With any kernel after 2.6.26.x (2.6.25.x and earlier not affected) shutting down the system fails like clockwork once the initscripts reach towards the end of the shutdown procedures and a spurious "Disabling IRQ #18" message appears and the system just hangs there indefinitely.
Version-Release number of selected component (if applicable):
Fedora 8/9 starting with all kernel versions 2.6.26.x and above.
Always as long as using a 2.6.26.x kernel, reverting to 2.6.25.x not affected.
Steps to Reproduce:
1. Update to one of the 2.6.26.x kernels.
2. Attempt to shutdown system...
3. Watch as the system never fully shuts down and has to be hard rebooted.
System never completes shutdown procedures. This leads to unclean unmounted filesystems and the system never powers off or reboots as expected.
System shuts down/reboots as commanded.
The only clue as to what happens is that spurious "Disabling IRQ #18" message that shows up during the initscripts shutdown procedure. Running an "lspci -v" on my system shows that IRQ #18 is being used by two devices, my Intel PRO/1000 GT Gigabit ethernet adapter and the onboard SiI 3112 SATA controller for my hard drive. Once that message shows up, the hard drive appears to go dead (no more activity despite the system still "barely" responding to keystrokes. This leads me to believe the hard drive is somehow disabled or shutdown inadvertently and would explain why no entries in the logs and why the file systems are never cleanly unmounted. This usually happens around the unmounting filesystems or shutting off swap portion of the shutdown initscripts.
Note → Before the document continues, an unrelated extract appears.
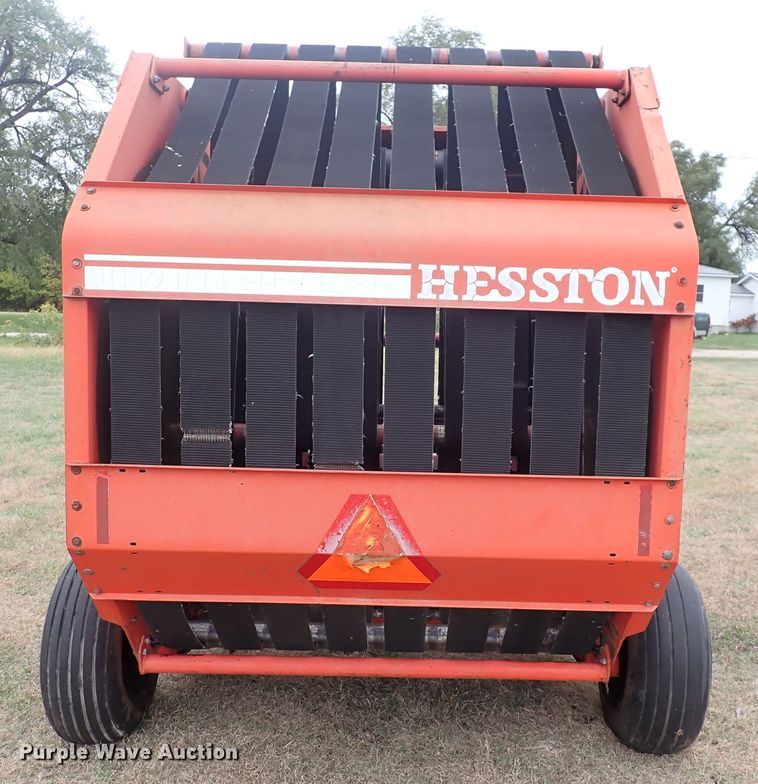 image for item DN2186 1981 Hesston 5580  round baler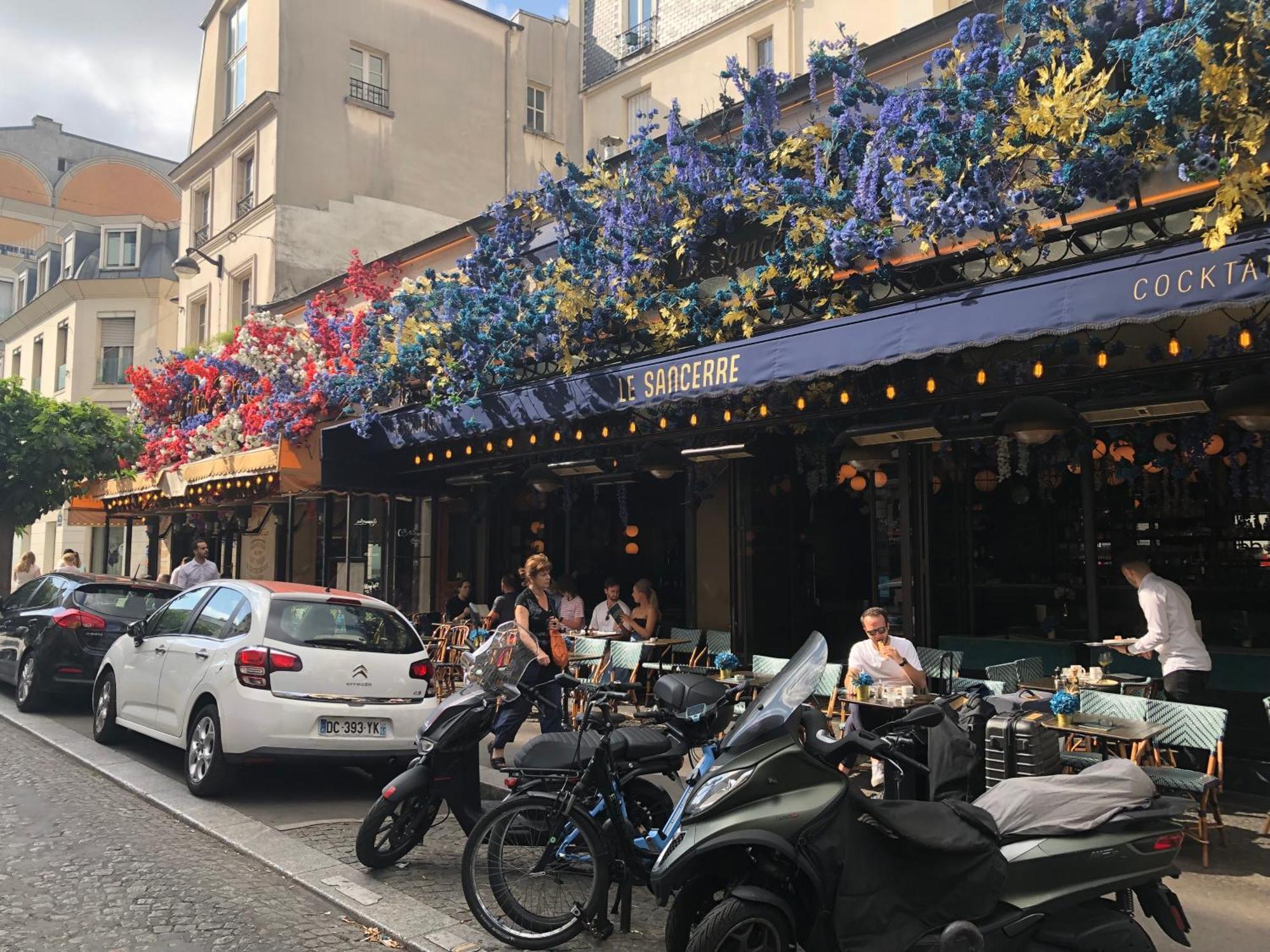 Studio Pigalle De 25 M2 - 2 Lits Simples Type Gigogne Pour 2 Personnes - Coeur Touristique De Paris - 2 Minutes De La Station Metro Pigalle ,Petit Train Vers La Butte Montmartre-Cabarets Moulin Rouge,Chez Michou-Restaurants Bouillon Pigalle,Berliner ภายนอก รูปภาพ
Decided to do some additional testing and verified it has most definitely something to do with the Intel PRO/1000 GT Gigabit ethernet adapter I have in a PCI slot of my Asus A7N8X-Deluxe. It shares the IRQ with my onboard SATA controller which would explain why the system appears to hang. It crashes the system when a #service network stop is issued or if changing runlevels (say issuing an #init 1 command). The system boots up just fine and appears to run indefinitely, network access also appears to work flawlessly. But again, unloading/reloading the network service/module seems to crash the system (most likely due to it sharing the IRQ with my SATA controller). If I don't load the network services (and presumably the e1000 module) at boot time, I CAN successfully shut the system down.
Any ideas? It just occurred to me to include a copy of the output of #lspci -v. I will try to include that as soon as possible. In the mean time I'm going to see if moving the Gigabit card to another PCI slot changes which IRQ it uses so it doesn't share one with the SATA controller as no setting in the BIOS would appear to fix that.
The kernel option "noirqdebug" will stop the interrupt from being disabled. You can add it to the end of the kernel line in /etc/grub.conf .
Thanks, I'm gonna go ahead and try that option tonight. I tried one suggested by the errors that showed up in the syslog one time I was able to manage to get it displayed before the machine inevitably crashed (though it was never committed to disk for the obvious reasons)...it mentioned to use something like "irqpoll" or something like that. Needless to say it didn't help. I'll post back as quickly as possible the results.
Oh my GOD, you are my savior! That did the trick. Been putting up with this for like 2+ months now always hoping the next kernel update would solve that issue. Eventually some update to the X.org drivers made it so booting from the last safe 2.6.25.x kernel I have installed not feasible (it would cause X to crash on load apparently, must be some special new requirement for the Radeons). I will still post my "lspci -v" and if I can manage to swipe a copy of what gets output to the syslog on a normal kernel oops prior to the system fully crashing after prolonged disconnect from the hard drive (maybe I can have a mounted USB flash drive ready to go and/or just pipe the output from syslog directly to a file on said USB flash drive. We'll see...again thanks SOOO much!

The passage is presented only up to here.